The problem is, during the recession, the Fed is pressured to lower interest rates to stimulate the economy.  But, r
Once inflation takes hold, it's very hard to stop.
A Dovish Policymaker
Janet Yellin is described as an inflation "dove."  That means that her decisions have been "growth and employment" oriented and less focused on containment of inflation.  You may think, that with unemployment rates hovering in the double-digits, this is just what we need.  Certainly, that political opinion would be currently popular.  But, would it be a good long term policy?
Deficits and Inflation
No reputable economist of whom I'm aware would not have advised deficit spending to stimulate the economy during the last recession.  It was a necessary evil that prevented the country from likely sinking into a Depression.  But historically, the relationship between deficit spending and inflation is problematic.
Generally, when government borrowing increases, the amount of funds that remains for businesses and individuals to borrow decreases, and the competition for these fewer dollars causes rates to increase. 
So-called inflation "doves," who generally advise keeping rates low, can accommodate both government and business lending only by printing more money for the government to buy its own debt, causing the money supply to expand and debt to contract.
Expanding the money supply is inflationary.  Instead of raising taxes to pay its debt, printing more money makes the dollar less valuable.  The cost of everything goes up when your dollar is worth less.
The Federal Reserve Board of Governors
At its last meeting, only one Fed governor, that of St.
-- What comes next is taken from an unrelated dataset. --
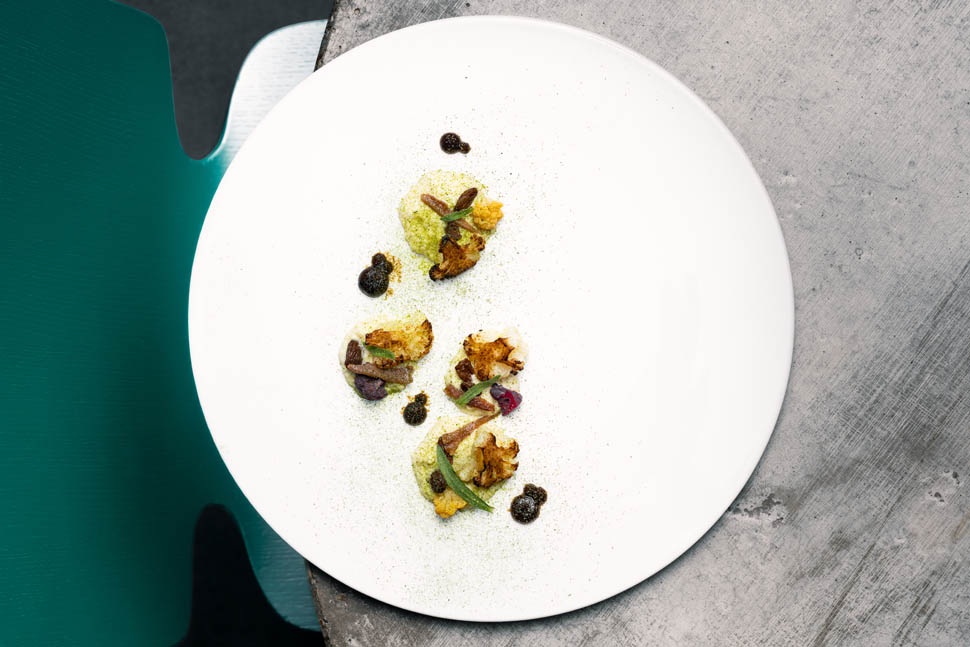 Cavolfiore arrosto liquirizia acciughe uvetta e dragoncello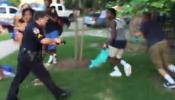 Renuncia el policía de Texas que agredió a una adolescente negra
Louis, voted against keeping interest rates low.  The majority (11 members) voted to keep rates low because their perception that the risk of sinking back into recession was more significant than the threat of inflation.  Dr. Bernanke, current Fed chairman, is considered one of the premier scholars of the Great Depression.  One significant factor in its length is thought to be insufficient economic stimulus.  It is a mistake about which Bernanke argues eloquently, and apparently the majority of the board agrees.
With a propensity of more dovish members, however, it is of some concern that one who has been one of the most consistent would be considered as the Vice Chair.  Generally, upon the retirement or failure to reappoint the Chair, the Vice Chair is likely to assume this influential post.
At a time when deficit spending is so high, the national debt is ballooning and the nation only recently stepped back from the brink of Depression, is it wise to choose a member who is so dovish about inflation that she stated last February, "If it were possible to take interest rates into negative territory I would be voting for that."?
Perhaps a candidate with a more balanced approach to the Fed's dual mandate would be a more reasonable decision.

Monday, January 18, 2010

Farewell, Banker Welfare

US women seem to have an innate sense of fairness.  Whether it is because of nature or nurture, even with our more liberated world position, it is women who empathize with the plight of those who have had seemingly insurmountable obstacles in their lives, and we endeavor to help them to help themselves.  Our maternal instincts appear to apply to more than our offspring.
Mothers, however, are more than nurturers.  They also prepare their children to be self-sufficient, self-reliant members of society, and that requires more than giving.  It also requires knowing when to practice "tough love," knowing when not giving is appropriate.
During the early years of the Clinton Administration, most US women supported welfare reform, after seeing that government spending toward our poor sisters seemed to have the effect of a pattern of generational poverty from which it was nearly impossible to extricate themselves.  Paying for the opportunity for self-sufficiency was a more effective solution than an endless number of monthly checks that stubbornly kept women at the poverty level.
We've spoken often about the causes of the latest recession, which could have easily been a depression, had governments not doled out dollars that paled against those paid for welfare during the 1980s and 1990s.  For our investment, we avoided a certain economic meltdown, but for the 16% who are unemployed and looking for jobs, the resentment for that deal could not be higher, particularly when the bonuses paid to bankers, some of whom were the direct cause of the melt-down, have never been higher.
It is instructive to not only examine the root of this anger, but also, like the angry middle-class in the 1980s that paid the cost of welfare, look to a long term solution.
Changing welfare from an incentive NOT to work to an incentive to work reformed the system to one that both provided a safety net for those who were truly in need and an incentive for those who could better themselves to do so.  What such incentive have we given for bankers who lowered lending standards, then sliced up, securitized risk and sold it throughout the world NOT to take inordinate levels of risk again?
None.  Not one piece of financial reform legislation has passed.  Bonuses based on short term profits, largely made by merely buying long term US debt we created to save them with the money we gave them, continue largely unabated.
Our bankers are the urban poor of twenty years past, incented to do the wrong thing by the money we pay them. 
It's time to show some tough love to our bankers, and pressure our lawmakers to pass meaningful financial reform that incents long term capital growth over high risk short term behavior. 
An email to your legislators is an excellent place to start.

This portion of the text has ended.